WHAT TO DO:
Write out every entry exactly as given, but omit the pictures.

LISTED RECORDS:
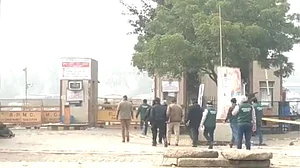 दिल्ली के गाजीपुर में संदिग्ध बैग में मिला IED, एक बड़े गड्ढे में ब्लास्ट कर किया गया निष्क्रिय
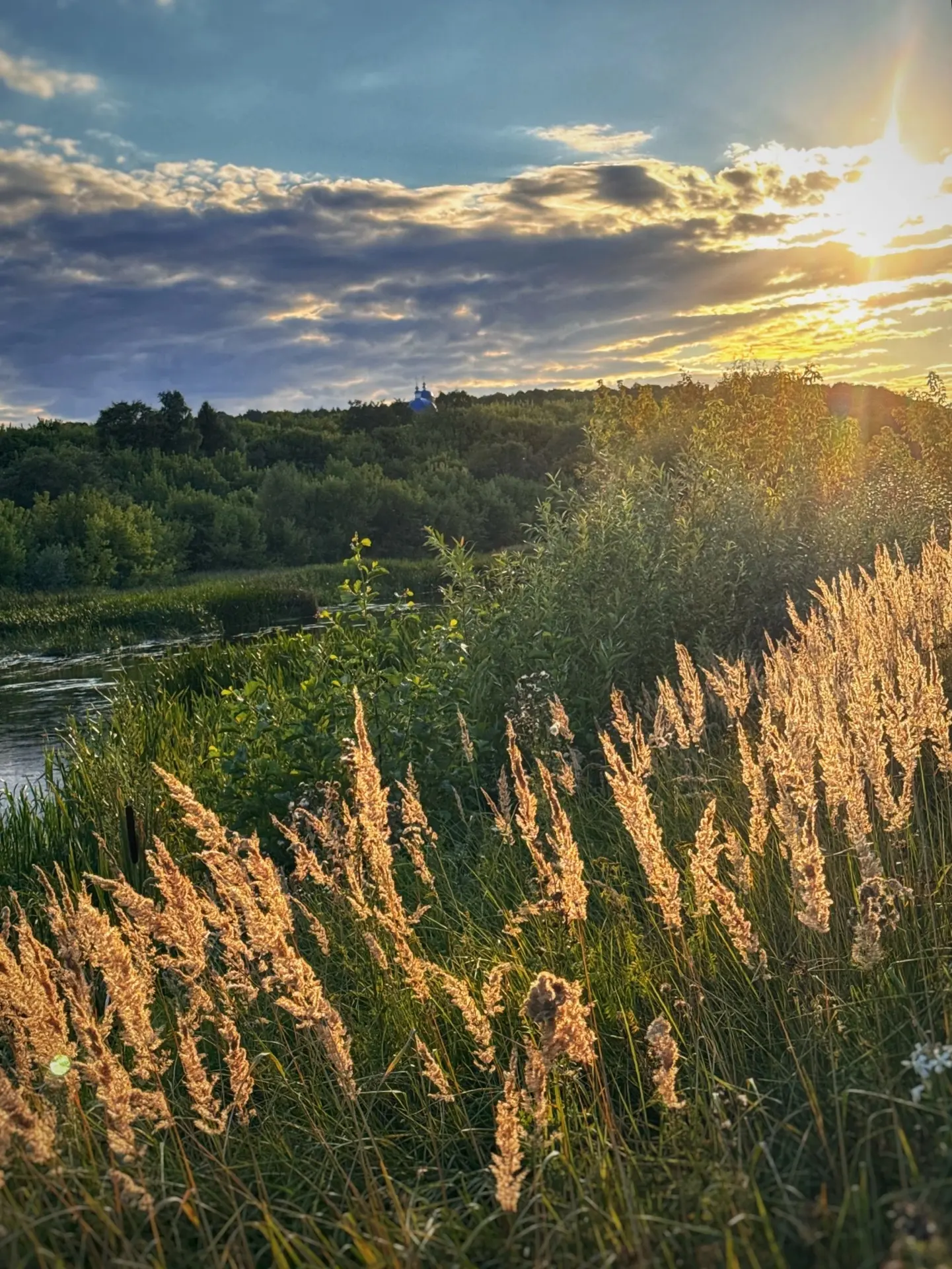 На берегу реки Свапа.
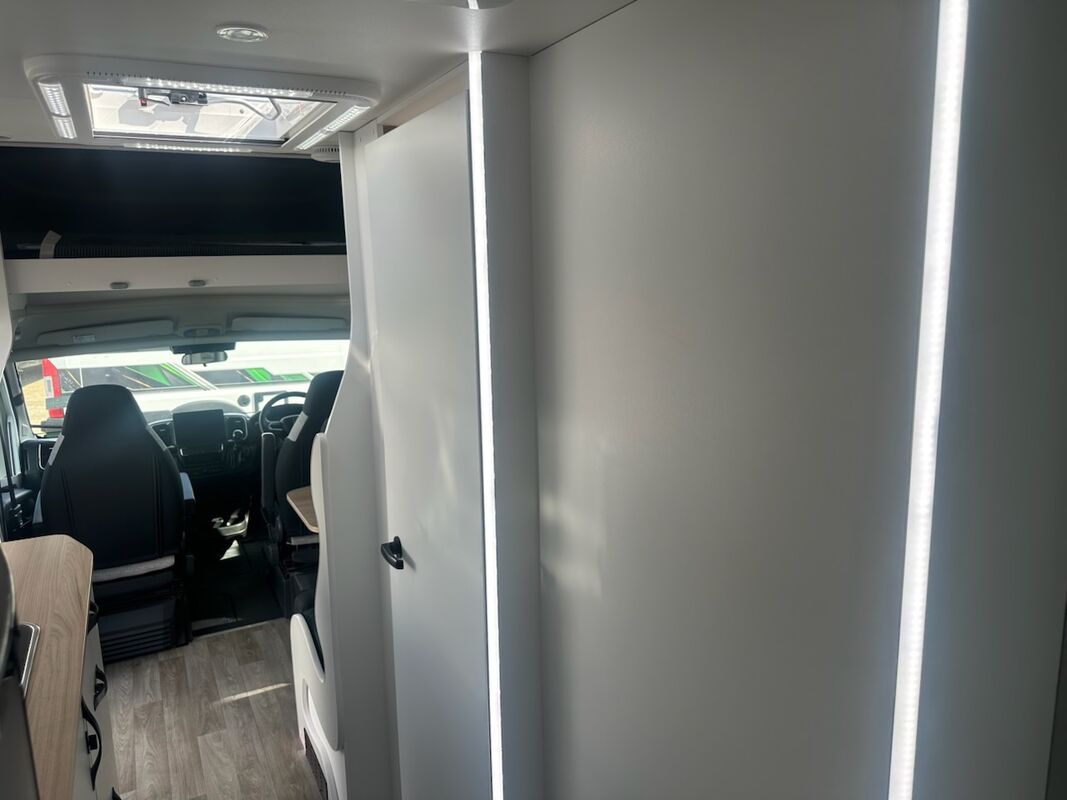 Avan Ovation M6 C Class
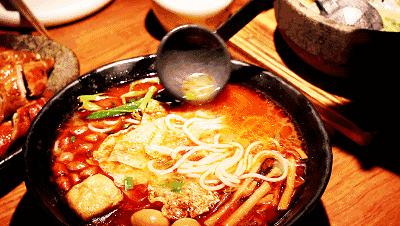 螺狮粉狂热分子：“臭”名远扬的螺狮粉，为何能让*欲人**罢不能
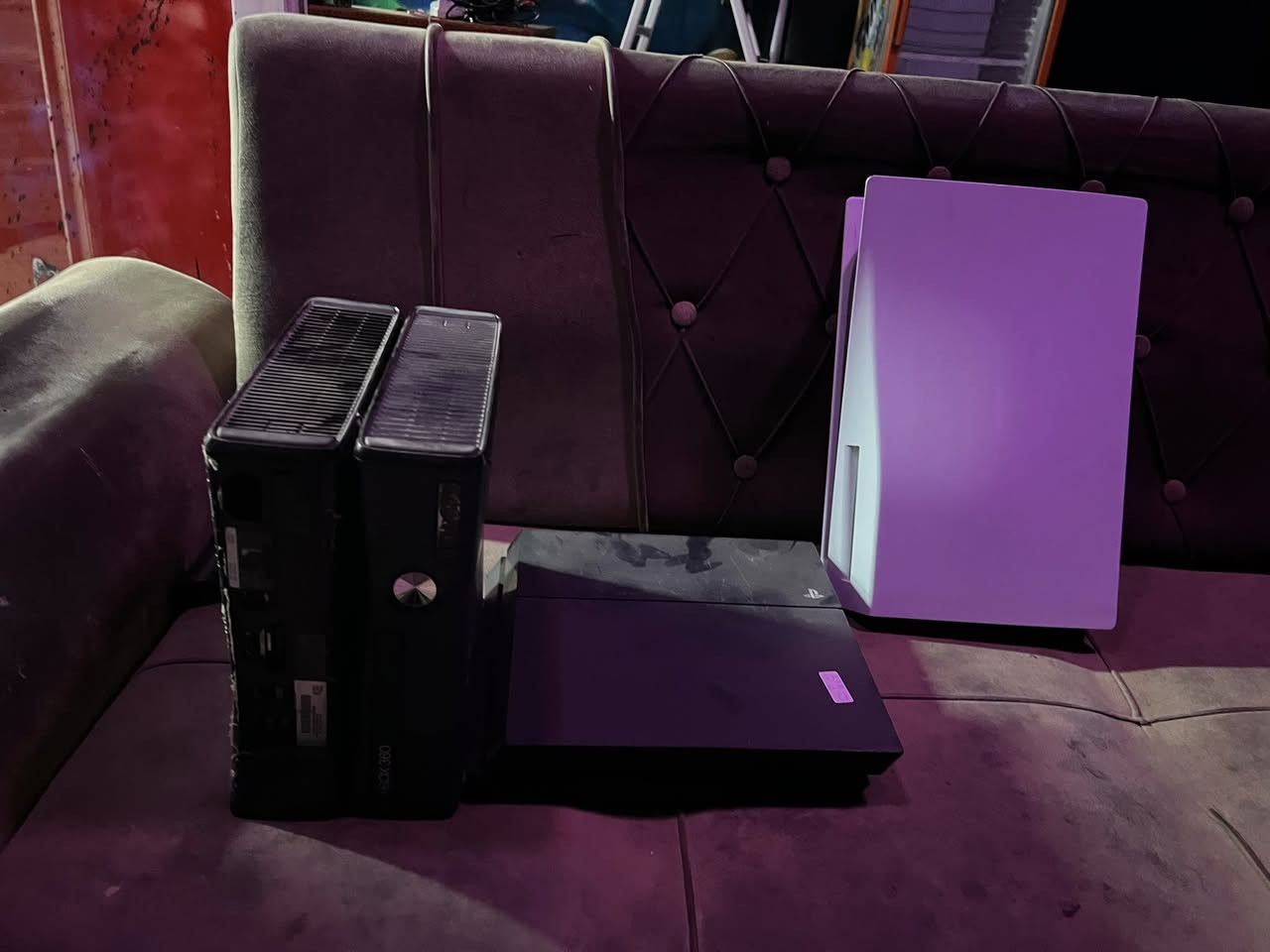 سلام عليكم 
بليات للبيع مستعملات شي قليل 
بلي 5 سعره 575 وبي مجال 
بلي 4ثنين الواحد سعره 265 وبي مجال 
واكس بوكس 2الواحد سعره 100 وبي مجال 
واليبيس 3سعر الواحد 30
مكاني بعقوبه التحرير  ***********
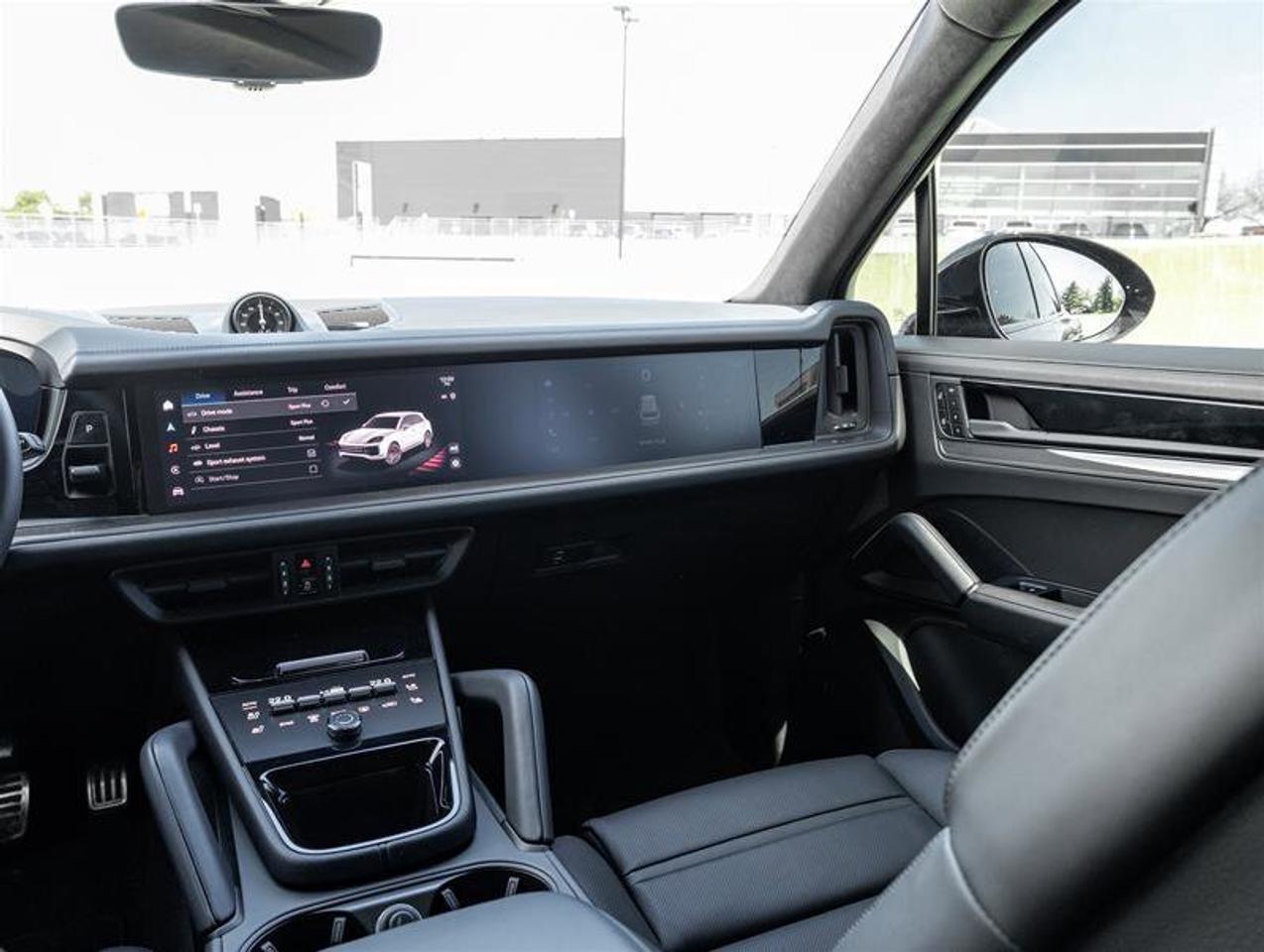 2025 Porsche Cayenne GTS AWD Premium Pkg Plus Rear Axle Steering Techno Photo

RESULT OF THE TASK:
 दिल्ली के गाजीपुर में संदिग्ध बैग में मिला IED, एक बड़े गड्ढे में ब्लास्ट कर किया गया निष्क्रिय
 На берегу реки Свапа.
 Avan Ovation M6 C Class
 螺狮粉狂热分子：“臭”名远扬的螺狮粉，为何能让*欲人**罢不能
 سلام عليكم 
بليات للبيع مستعملات شي قليل 
بلي 5 سعره 575 وبي مجال 
بلي 4ثنين الواحد سعره 265 وبي مجال 
واكس بوكس 2الواحد سعره 100 وبي مجال 
واليبيس 3سعر الواحد 30
مكاني بعقوبه التحرير  ***********
 2025 Porsche Cayenne GTS AWD Premium Pkg Plus Rear Axle Steering Techno Photo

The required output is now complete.